Despite this conceptual ambiguity, trust is found to be more relevant for effective risk communication than that for competence and past performance (Edwards and Cable, 2009; Earle, 2010). Trust is more resilient to change, because it is connected with various situations and expectations of how it should be employed; trust enables acceptance of unfamiliar and uncontrollable risks by transferring the responsibility to deal with uncertain outcomes from the trustor to the trustee (Siegrist, 2000; Kellens et al., 2013; Sharp et al., 2013).
Trust influences various forms of cooperation: risk perception (Siegrist, 2000; Siegrist and Cvetkovich, 2000; Siegrist et al., 2005; Earle, 2010; Lu et al., 2015) and negative emotions associated with risks (like fear, worry, or concern; Kellens et al., 2013), as well as information‐seeking and adaptive behaviour such as private flood mitigation (Earle, 2010; Terpstra, 2011; Kellens et al., 2013). Furthermore, trust in various stakeholders affects the perception of more general risks, such as climate change (Kellstedt et al., 2008; Malka et al., 2009). The Trust‐Confidence‐Cooperation Model proposes a broad understanding of ‘cooperation’ – cooperative responses include protective behaviours as well as antecedents or supporting/hindering factors of these very behaviours. In that sense, risk perception is also a form of cooperation, as it is considered a key antecedent of protective action (Van der Pligt, 1996). Thus, following the broad understanding of cooperation, this study illustrates the impact of trust on the perception of proximal risks (e.g. a flood affecting one's own residence) and distant ones (e.g. climate change as a driver of future flood risks).
Not all citizens naturally respond to receiving risk information by implementing private flood mitigation measures. Instead, some turn to non‐protective responses to suppress the negative emotional consequences associated with a certain risk (Milne et al., 2000; Grothmann and Reusswig, 2006; Bubeck et al., 2013). Non‐protective responses, such as denial, wishful thinking and fatalism, are used to justify inaction, and therefore undermine an individual's protection motivation. Non‐protective responses are shaped by risk perception, but they are conceptually distinct, since they are reactions to risks that exceed an individual's coping capacities. For risk communication to be effective, it appears critical to develop a more precise understanding of why some households translate information into action and others do not. We therefore investigate protective responses as a form of cooperation, as well as non‐protective responses as a form of non‐cooperation.
As discussed above, citizens show trust differently to various trustees.
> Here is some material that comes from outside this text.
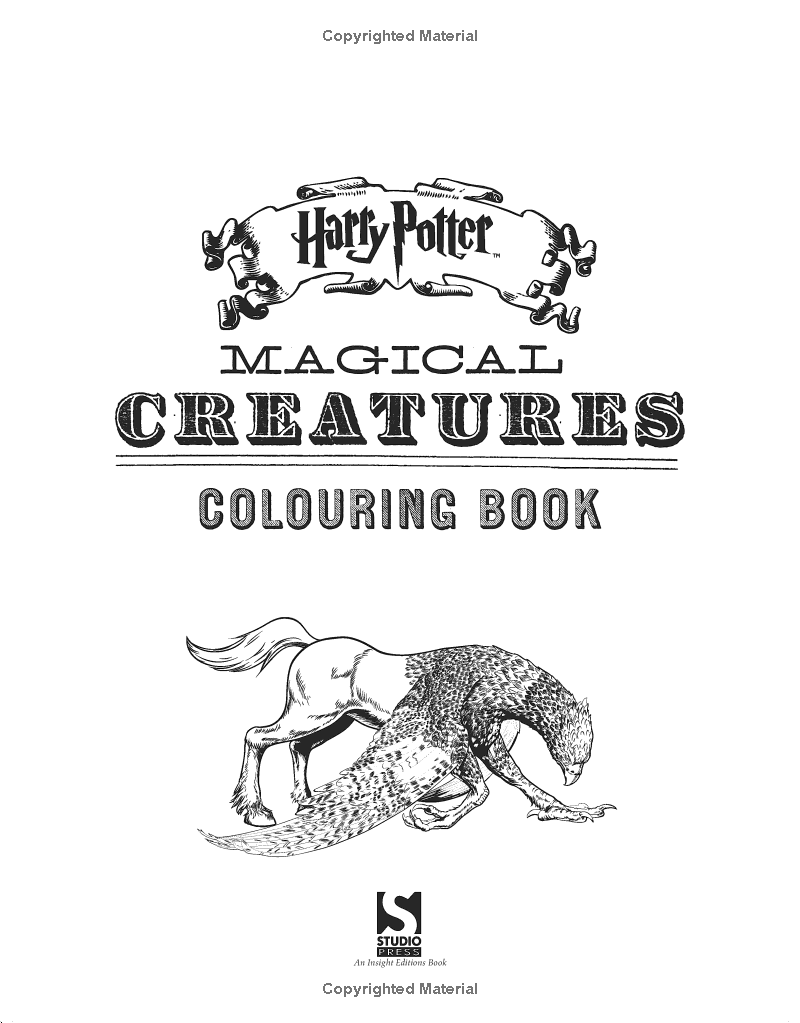 Sách ngoại văn: Harry Potter Magical Creatures Colouring Book 2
Not only does the extent of trust in them vary between trustees, but so does the strength of the relationship between trust and certain forms of cooperation (Earle, 2010). In the case of ‘information on food safety’, Lobb et al. (2007) show that trust in media increases risk perception and reduces the likelihood of purchasing groceries, while trust in public authorities has opposite effects on risk perception and purchase intentions. Thus, the impact of trust on cooperation may depend on the respective trustee.
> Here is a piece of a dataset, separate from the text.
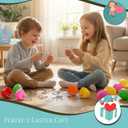 2 x 24 Pack Easter Basket Stuffers with Metal Brain Teaser Puzzles  Prefilled Eggs with Mini Logic Toys & Instruction Cards, Classroom Gifts, Egg Hunt Prizes, Easter Party Favors for Kids Boys & Girls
Levels of trust are also influenced by characteristics of the trustor. Having been personally affected by a flood or living in a flood risk zone are key factors in individual risk assessment (Terpstra, 2011; Bubeck et al., 2013; Terpstra and Lindell, 2013); thus, these factors may also determine levels of trust in flood risk communication. In the context of nutritional risks, previous experience and perceived susceptibility influence trust in institutions (Kuttschreuter, 2006).
Overall, as regards our case of citizens (the trustors) demonstrating trust in various stakeholder groups in flood risk communication (the trustees), existing literature indicates that (1) different trustees receive different levels of trust and (2) trustees have different impacts on certain forms of cooperation by their trustors. This study sets out to empirically test these assumptions in the context of flood risks in Austria by systematically comparing the following trustees: local government, volunteers, and neighbours.
Method
Study setting and data collection
This cross‐sectional study is based on a postal questionnaire survey, administered between October 2014 and February 2015, in 10 municipalities in Austria. The municipalities are primarily situated in Alpine mountain regions and had either been recently affected by a flood event, or are at risk of severe riverine flooding or pluvial torrents. Most of the surveyed municipalities are small rural communities of 500–3000 households, except Lustenau, which has a population of 8000 households. The questionnaires were distributed as an insert to municipal newspapers; these newspapers were delivered by post to all residents in the surveyed municipalities. The questionnaires could be returned in a dedicated freepost return envelope, dropped off at the local municipal office, or completed in an identical online survey. Respondents had the offer of participation in a lottery for gift vouchers upon completing the survey (5 × 30 Euro in each municipality). Local authorities also promoted the survey through their civic communication channels. Overall, 2007 valid questionnaires were returned, resulting in a response rate of 12.8%. Respondents from the municipality of Lustenau form the majority of the sample (Table S1, Supporting Information); yet, the results are robust and apply to the Lustenau subsample in the same way as to the subsample of the other municipalities.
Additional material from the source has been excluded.